Return to his work after the return to Egypt in 1995 and things start to change and the work becomes more dramatic. The cultural dilemma is perhaps the easiest to understand and comprehend. The photomontages that were seen at recent shows at the Townhouse and the Cairo Berlin Galleries, juxtapose the most unlikely of characters: Kate Moss. Sean Connery, Sheikh Omar Abdel Rahman, in an attempt to present the contrasting faces of contemporary popular culture with specific reference to the East-West encounter that takes place in Cairo.
This developed into an interest in depictions of the female forms, from the Ancient Egyptian deity Nut to the super models of today. All these were placed first within a sepia framework in attempt to make us examine our existence in the way we would look at the pictures of the past. Later this moved into frames that were more Islamic and Coptic in design, which worried some people. The sight of scantily models linked with religion was too much for some people, but these images do exist side by side in magazines and in our perception of the present; to remove either one of these elements from an examination of contemporary society would be unthinkable.
Another show that is important in our sight into Hafez’s art is the Atelier show featuring the pencil sketches of friends and family. These were placing against other faces more familiar to the general public, figures such Adel Imam and Claudia Schiffer. Here again Hafez attempted to make us see how the media have penetrated our lives to the extent that we have opinions on these famous faces than on those that we live alongside.
Entitling the exhibition “unimportant Items”, the artists left us in no doubt about his opinion on this state of affairs. A huge long list of items were listed and duly labeled as important or unimportant.

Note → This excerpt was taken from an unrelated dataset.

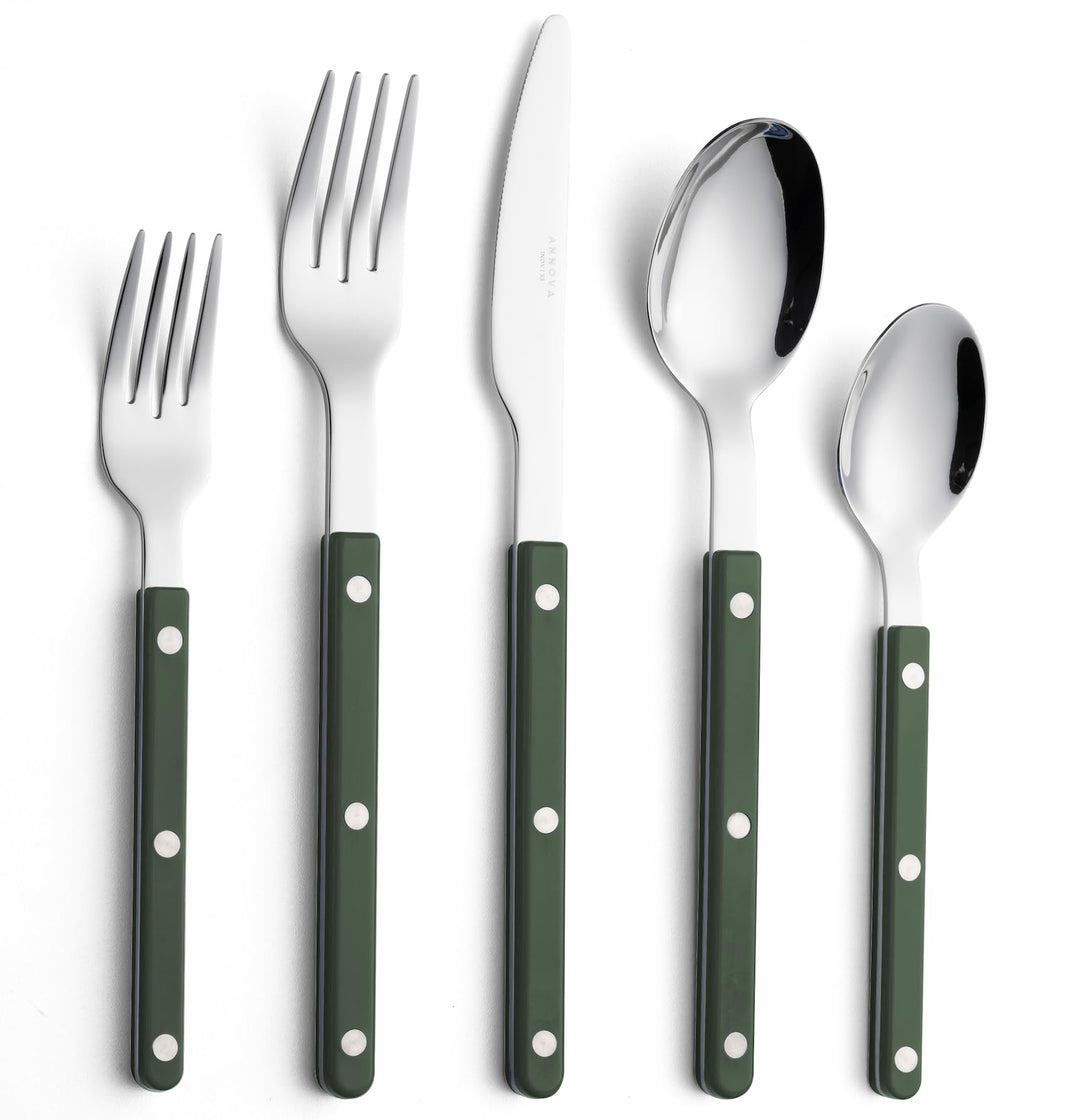 ANNOVA Besteckset, Retro/Nieten-Farbenfrohes Edelstahl-Geschirr Küchenbesteckset, enthält Tischmesse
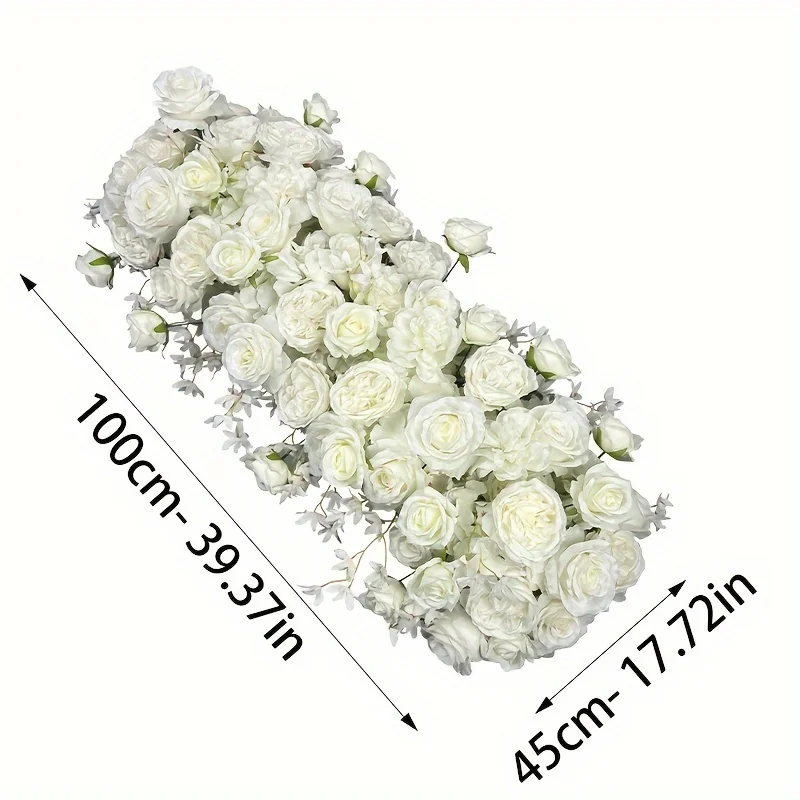 Rose And Hydrangea Artificial Flower Arrangement - Long Strip for Wedding, Engagement, Home Decor, Outdoor Garden Display, No Container Included, Bouquet Accessories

Through this, he also hit back at those people, writers and artists, who had hurled abuse at Hafez due to his pieces of art criticism in various magazines – it was the fact of writing rather than the ideas that upset people. Some people, including a few who had been close friends, turned on Hafez and accused him of self-promotion; a view I feel is totally unfounded.
The combination of overwork and the harshness of the attacks caused Khaled Hafez to experience severe health problems. It is therefore very comforting to see him back exhibiting and with this new direction. The social criticisms are still as harsh as the Electronic Gods lampoon the human races’ attempts at sanctification and deification. This time however there is a warmer side to the art, as the artist attempts to empower the viewer as well as showing the humor of the artists.